The studied compounds share with cyclopamine the same hydrophobic interactions with residues L303, Y394, F484, and P513, assuming a similar profile of hydrophobic interactions (Table 1). Despite this, the investigated compounds totally lost the hydrogen bond with E518, which probably could be explained with the flipped-over conformation of the steroidal core. Instead of this, the 3-OH group of compounds 1, 4, 5, and 7 formed H-bonds with D473, and the 3-OH group of compounds 4 and 7 formed additional H-bonds with R480. Also, all of the studied compounds formed additional H-bonds by its isoxazole moieties with Y207 and/or K395, depending on the system, except the compound 3, which formed a H-bond by its pyridine fragment with K395.
The average predicted affinities for each chosen cluster showed large negative values, lesser than −10 kcal/mol, which allows us to propose that the studied compounds are potent ligands of SMO, and the most potent ones are 3 and 4 (the predicted affinities are −12.1 kcal/mol for both compounds). The high predicted affinities and the additional H-bonds, formed by compounds, may indicate that they are more potent and specific inhibitors of the SMO receptor, compared to cyclopamine (Figure 1).
2.2. Cytotoxicity Analysis of Compounds 1–8 in HeLa Cells and A549 Cells
Cell lines HeLa and A549 were chosen as a model of human cancers expressing Hh receptors [18,19]. A study of isoxazolyl steroids as the proliferation regulators using the MTT assay showed that most of compounds possess moderate toxicity both in Hela and in A549 cells (Figure 2).

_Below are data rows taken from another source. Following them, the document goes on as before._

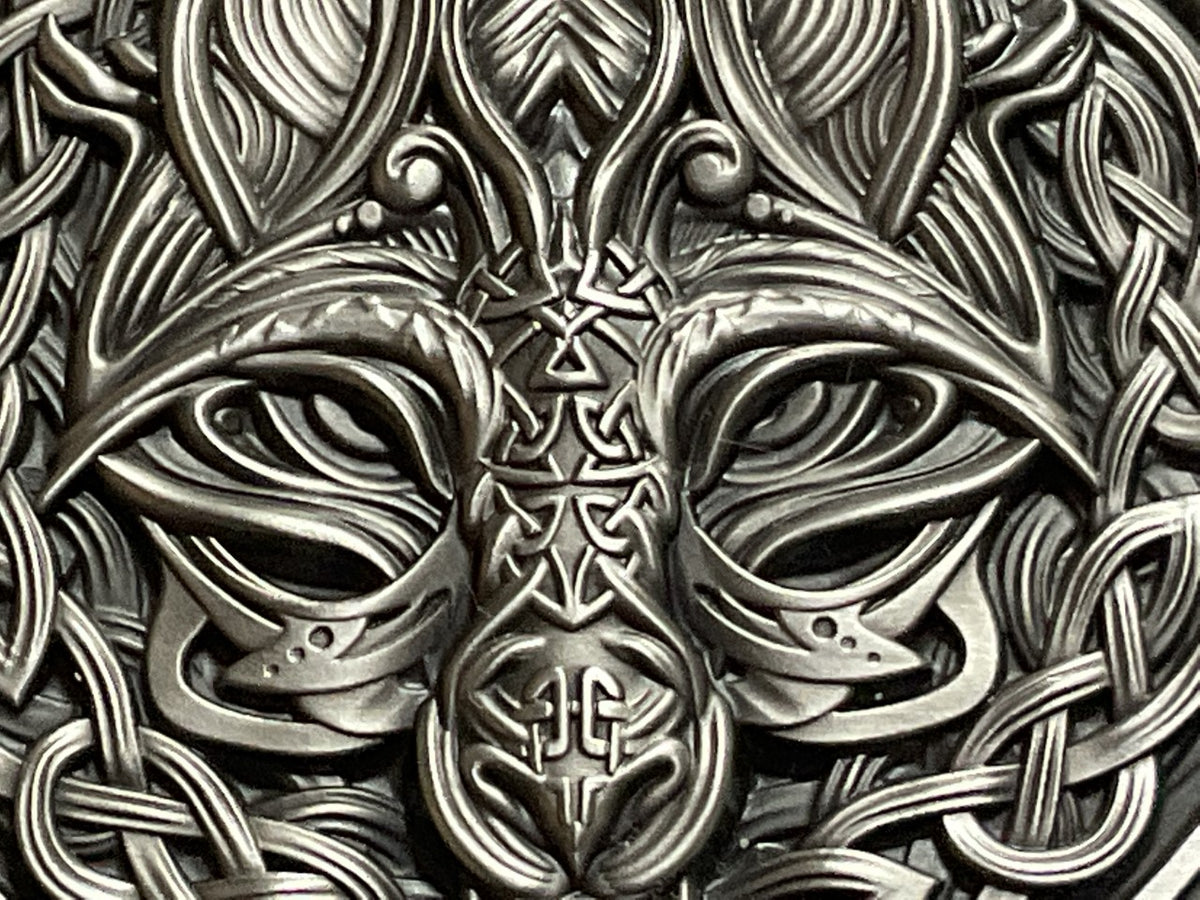 Republique du Tchad 2021 10000 Francs Binding of Fenrir 2 Oz Antiqed Silver 11.5 oz Copper Coin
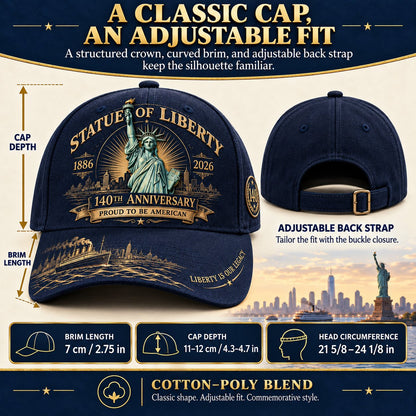 💝LAST DAY 49% OFF - 🗽 Statue of Liberty 140th Anniversary 1886–2026 – Premium Embroidered Heritage Cap | Cotton-Poly Blend • Detailed Embroidery • Adjustable Fit 🇺🇸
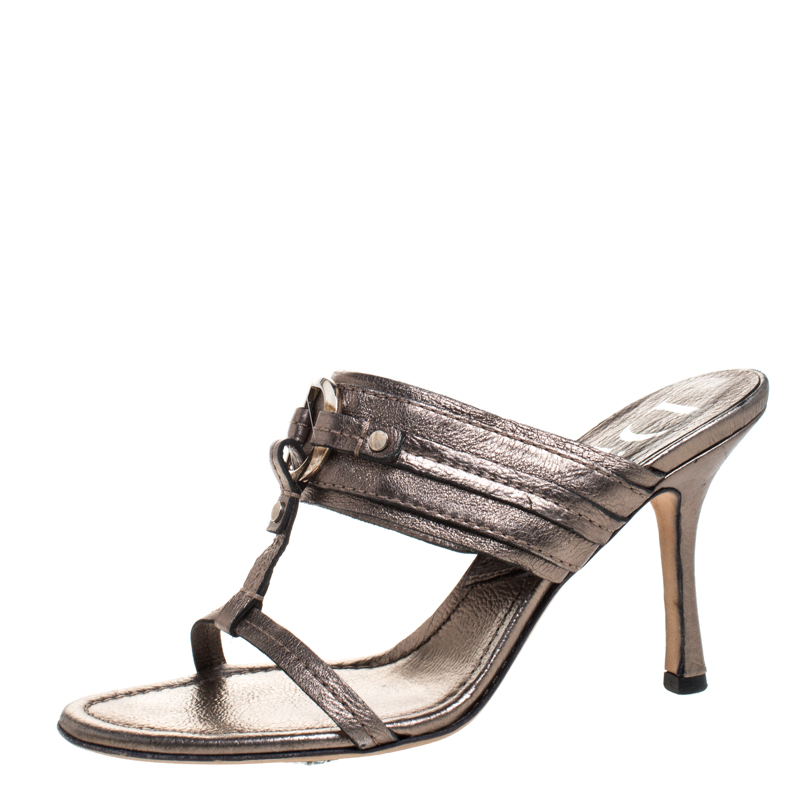 Dior Metallic Leather T Strap Slide Sandals Size 37 Dior Metallic Leather T Strap Slide Sandals Size 37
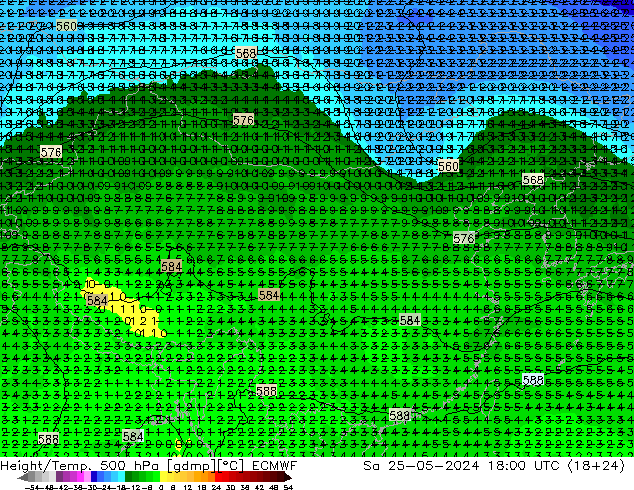 Z500/Rain (+SLP)/Z850 ECMWF 星期六 25.05.2024 18 UTC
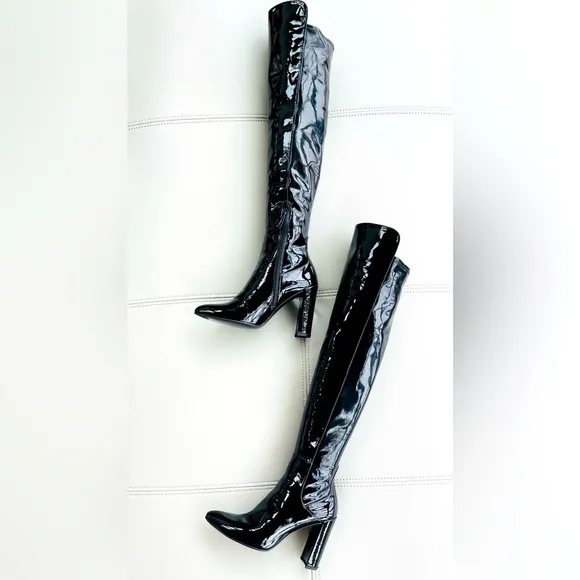 NWT! Stuart Weitzman Over-the-Knee Black Patent Leather Boots Size 39
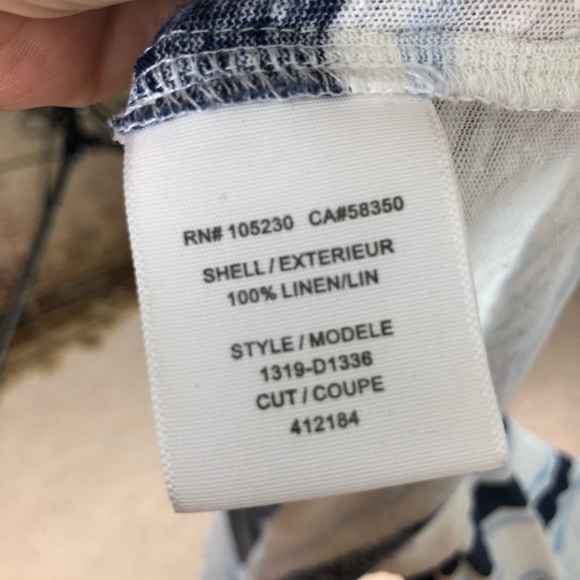 🛍️Joie Blue White Nautical stripe linen blend maxi sundress large - Picture 6 of 6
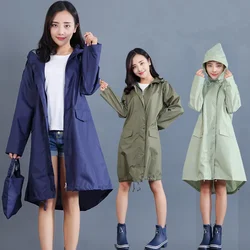 Polyester Raincoat Women Waterproof Long Light Women Rain Coat Ponchos Jacket with Hood Impermeable Simple Rainwear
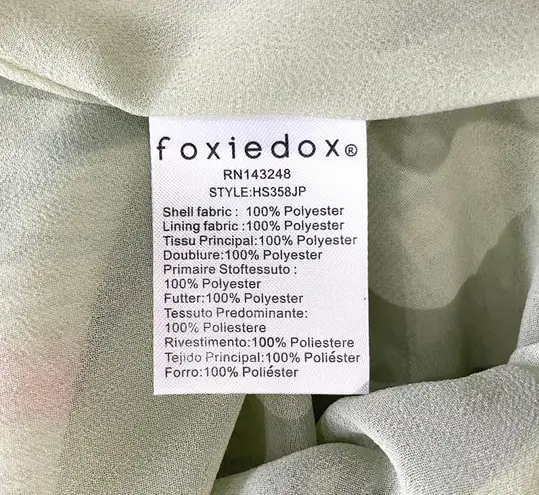 Foxiedox New Lace Ruffle Printed Cropped Strapless Jumpsuit Green Petite Size XS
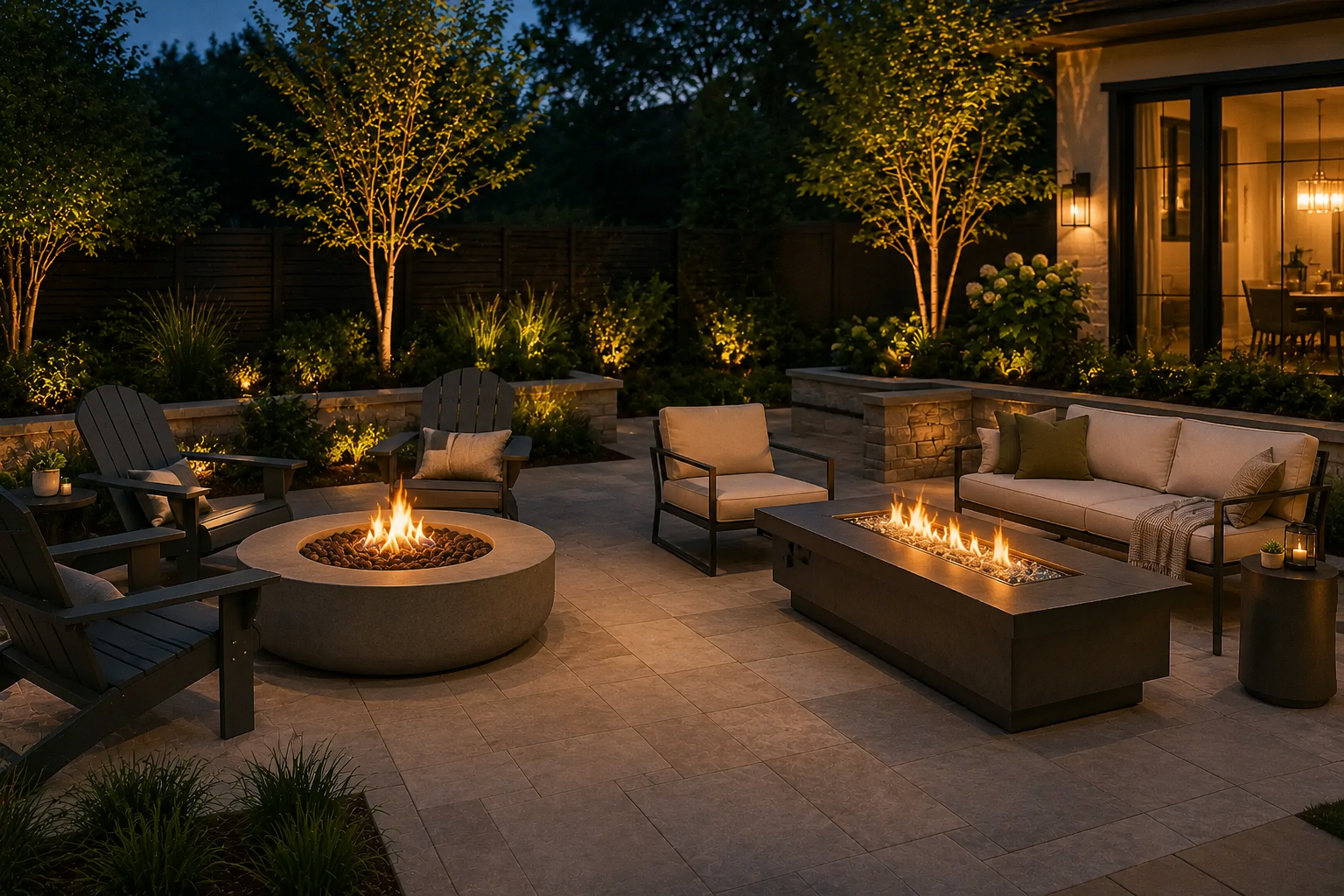 Round fire pit and rectangular fire table shown with seating on a modern outdoor patio.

In HeLa cells, the most effective compounds were 1 (IC50 = 142 µM) and 2 (IC50 = 36 µM). They had the greatest toxicity and slowed down proliferation of (Figure 2a), while all other compounds did not exhibit toxic properties and not affected the growth of Hela cells. In A549 cells, the greatest cytotoxicity showed compounds 3 (IC50 = 16 µM) and 4 (IC50 = 19 µM), compared to other isoxazolyl steroids (Figure 2b). Thus, for each cell line, compounds with the greatest cytotoxicity were found.
2.3. Effect of Compounds 1, 2, 3, and 4 on the Cell Cycle
The cytostatic effect of compounds 1 and 2 on HeLa cells was evaluated based on cell cycle analysis. DNA content was analyzed by staining with propidium iodide (PI) with subsequent flow cytometry (Figure 3). An analysis of cell distribution in different cell cycle phases showed that treatment with both compounds caused a shift of almost all cells to the left in the region of the subG0/G1 peak. The percentage of apoptotic cells was 90% and 97% for 1 and 2, respectively. This indicates a strong cytotoxic effect from both compounds.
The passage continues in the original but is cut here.